Another feature of a drive device according to the invention is that a gear 
box is provided as a mechanical connection between the internal combustion 
engine, generator and the respective auxiliary aggregates. In this way, 
suitable mechanical connection is ensured which takes into consideration 
the requirements of the particular auxiliary aggregates. 
Preferably, several auxiliary aggregates can be connected simultaneously to 
the generator or optionally to the internal combustion engine. 
While the internal combustion engine utilized in the inventive device can 
be a diesel engine such as those utilized in many types of vehicles, both 
the generator and the electrical drive motor are preferably designed as 
transverse-flow machines. Advantageously, the high efficiency of 
transverse-flow machines can be utilized 90% to 95%. Such transverse-flow 
machines are known and described, for example, in DE 39 27 453. 

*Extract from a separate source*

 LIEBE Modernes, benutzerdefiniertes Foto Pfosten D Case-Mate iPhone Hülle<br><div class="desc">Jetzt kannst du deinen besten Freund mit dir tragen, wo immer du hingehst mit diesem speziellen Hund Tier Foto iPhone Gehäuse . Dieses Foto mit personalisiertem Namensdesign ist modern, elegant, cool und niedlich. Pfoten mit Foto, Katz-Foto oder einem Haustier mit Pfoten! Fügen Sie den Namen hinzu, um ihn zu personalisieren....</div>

In drive devices according to the invention, the internal combustion engine 
on the one hand and the generator on the other hand are preferably 
components of an emergency power aggregate or of an alternative or 
additional power supply for the electrical drive motor. This design makes 
it possible to ensure driving of the auxiliary aggregates in all cases 
independently of a disturbance or even failure of the external electrical 
power supply. 
In a further embodiment of a drive device according to the invention, the 
generator and the electrical drive motor are connectable through a power 
converter to a trolley system or a live rail as an electrical power 
supply. 
In a preferred embodiment of a drive device according to the invention, the 
auxiliary aggregates have a steering booster pump, an air compressor, an 
on-board power generator and/or a water pump. However, additional or other 
auxiliary aggregates can be provided, for example, heating or cooling 
aggregates. 
In a further embodiment of a drive device according to the invention, the 
generator can be operated as a starter for the internal combustion engine. 
In this way, a protected, but reliable starting of the internal combustion 
engine is provided. Namely, the starting is done at high rpm, so that 
particle exhaust is reduced in the case of diesel engines. 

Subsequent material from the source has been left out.